Transcript
Hello. My name is James Broome, I'm the Director of Engineering at a UK based technology consultancy called endjin. We're Microsoft Gold Partners for Cloud, for Data Platform, for Data & Analytics, for DevOps and for Power BI. So we do lots of work for our customers around data and analytics and in Azure, and that's meant over the past couple of years doing lots of work in Azure Synapse.
Today I'm going to talk for the next 10 minutes or so around two things very close to my heart:
One is Synapse notebooks - but, everything I'm going to talk about is applicable to other notebook technologies, for example, Databricks or Jupiter notebooks, or other kind of notebook technologies you might've used.
And the second is testing - and I will explain why testing is important in relation to notebooks. As we go through the talk you can see from the big clock behind me, this is a pre-recorded talk. The reason I wanted to pre-record it is because I'm going to be doing things with Spark, and Spark isn't instant in terms of running queries. I don't want to waste 9 of those 10 minutes waiting for Spark sessions to load and queries to run. So there might be points where I skip or fast forward the video a little bit, to save some time, but I'm going to try and keep it as real time as possible as I can.
I'm going to switch straight over to Synapse Studio and get stuck straight in.
An example use case
So let's imagine that we're working for an organization that sells things. In the Data Lake we've got an extract from our source system called Orders.csv. If we look at that, it's a fairly simple schema. We've got an order ID, a date, region, city category, product, quantity, price, and total price. So basically "what did we sell", "how much of it", and "where did we sell it"?. And let's imagine that the business has said: okay, our source system doesn't give us any reporting requirements, and we really want to start calculating things like "how much do we sell per region?" Let's start at that as an initial use case.
So we think, okay, a good place to start would be to use notebooks, to start exploring the data and lok at the shape of it. Maybe do some data prep and cleansing, and then start to calculate the reporting metrics that the business wants. So our notebook looks something like this.
Using notebooks for ETL
We're going to load the data in from the lake pointing to a CSV into a data frame. We discovered that there's some duplicated data from the source system. So we're going to drop duplicates, at which point we can then calculate our sales by region by selecting the region and total price columns, group by region selling total price and doing a quick column rename, writing the results back out to the data lake.
And we run this notebook. You'll see it executes fairly quickly, because a session has already started up. And when this is finished running, we're actually going to see the output in the final cell here. And if we go back to the data lake, we'll see the output written back to the data lake, as well as - here we go East and West region, and total sales.

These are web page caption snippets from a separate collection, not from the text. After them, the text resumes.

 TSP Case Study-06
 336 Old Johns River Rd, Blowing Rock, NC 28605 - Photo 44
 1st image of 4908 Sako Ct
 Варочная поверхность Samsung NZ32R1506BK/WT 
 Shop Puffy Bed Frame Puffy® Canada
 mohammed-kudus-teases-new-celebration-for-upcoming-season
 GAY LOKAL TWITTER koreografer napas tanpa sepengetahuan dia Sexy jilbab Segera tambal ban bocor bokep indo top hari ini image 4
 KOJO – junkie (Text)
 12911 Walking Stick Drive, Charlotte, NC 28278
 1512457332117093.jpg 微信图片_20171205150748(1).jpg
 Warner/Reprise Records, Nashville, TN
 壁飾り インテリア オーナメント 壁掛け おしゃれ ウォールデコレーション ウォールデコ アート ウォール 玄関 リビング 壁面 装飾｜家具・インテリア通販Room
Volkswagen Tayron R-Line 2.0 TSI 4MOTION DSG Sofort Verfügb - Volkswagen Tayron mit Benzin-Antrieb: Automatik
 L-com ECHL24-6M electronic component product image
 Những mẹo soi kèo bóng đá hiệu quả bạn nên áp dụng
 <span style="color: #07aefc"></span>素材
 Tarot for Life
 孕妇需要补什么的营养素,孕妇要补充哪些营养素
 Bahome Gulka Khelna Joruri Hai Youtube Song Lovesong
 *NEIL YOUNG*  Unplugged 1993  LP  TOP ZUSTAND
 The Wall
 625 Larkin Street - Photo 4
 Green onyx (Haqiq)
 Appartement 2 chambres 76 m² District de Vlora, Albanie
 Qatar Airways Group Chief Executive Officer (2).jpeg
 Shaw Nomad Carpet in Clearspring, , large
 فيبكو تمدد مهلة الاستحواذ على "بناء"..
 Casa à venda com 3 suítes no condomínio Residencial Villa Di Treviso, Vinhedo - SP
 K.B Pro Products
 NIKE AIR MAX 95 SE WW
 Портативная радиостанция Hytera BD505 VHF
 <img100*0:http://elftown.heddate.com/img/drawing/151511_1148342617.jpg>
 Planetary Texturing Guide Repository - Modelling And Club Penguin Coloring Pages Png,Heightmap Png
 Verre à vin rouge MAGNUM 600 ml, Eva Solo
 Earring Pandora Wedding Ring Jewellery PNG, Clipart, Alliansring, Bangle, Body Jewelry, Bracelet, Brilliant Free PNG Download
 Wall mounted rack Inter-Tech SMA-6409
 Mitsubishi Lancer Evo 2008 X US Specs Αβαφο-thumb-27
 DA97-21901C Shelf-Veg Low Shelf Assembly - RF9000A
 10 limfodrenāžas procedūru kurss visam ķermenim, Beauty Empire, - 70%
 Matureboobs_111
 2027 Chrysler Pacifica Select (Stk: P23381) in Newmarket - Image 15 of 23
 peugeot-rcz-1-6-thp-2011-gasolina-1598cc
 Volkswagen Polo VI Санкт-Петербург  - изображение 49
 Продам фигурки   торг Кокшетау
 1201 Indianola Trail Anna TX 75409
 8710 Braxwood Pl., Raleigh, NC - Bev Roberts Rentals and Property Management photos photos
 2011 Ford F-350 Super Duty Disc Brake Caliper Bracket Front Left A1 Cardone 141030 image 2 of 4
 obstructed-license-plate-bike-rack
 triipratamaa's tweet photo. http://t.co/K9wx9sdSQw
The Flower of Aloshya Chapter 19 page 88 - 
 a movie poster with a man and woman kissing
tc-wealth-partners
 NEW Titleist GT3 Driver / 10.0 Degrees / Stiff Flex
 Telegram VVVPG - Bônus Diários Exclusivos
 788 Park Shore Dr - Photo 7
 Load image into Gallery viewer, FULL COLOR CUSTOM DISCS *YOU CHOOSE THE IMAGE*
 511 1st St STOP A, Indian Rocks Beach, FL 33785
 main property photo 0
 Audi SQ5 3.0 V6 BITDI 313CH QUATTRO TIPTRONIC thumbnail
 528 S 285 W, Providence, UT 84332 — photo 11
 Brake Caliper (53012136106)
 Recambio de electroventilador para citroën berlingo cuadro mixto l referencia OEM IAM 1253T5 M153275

If we go back into here, go into output, you'll see we have a CSV file that looks a bit like it. There we go. So a very simple use case. And obviously in real life, this would probably be a lot more complicated. The point is we've defined an ETL process in a notebook.
Agility comes with a risk
One of the most powerful things I think about Synapse notebooks is that it's very easy to go from this ad-hoc experimental exploratory kind of process, that notebooks are really powerful for, to be able to go to "Add to pipeline" to a new pipeline. And suddenly our notebook can now be a repeatable automated process that the business can rely on. This could run overnight if we add a trigger. It could run whenever new data lands in the lake. And suddenly we've gone from exploratory and ad hoc to line of business.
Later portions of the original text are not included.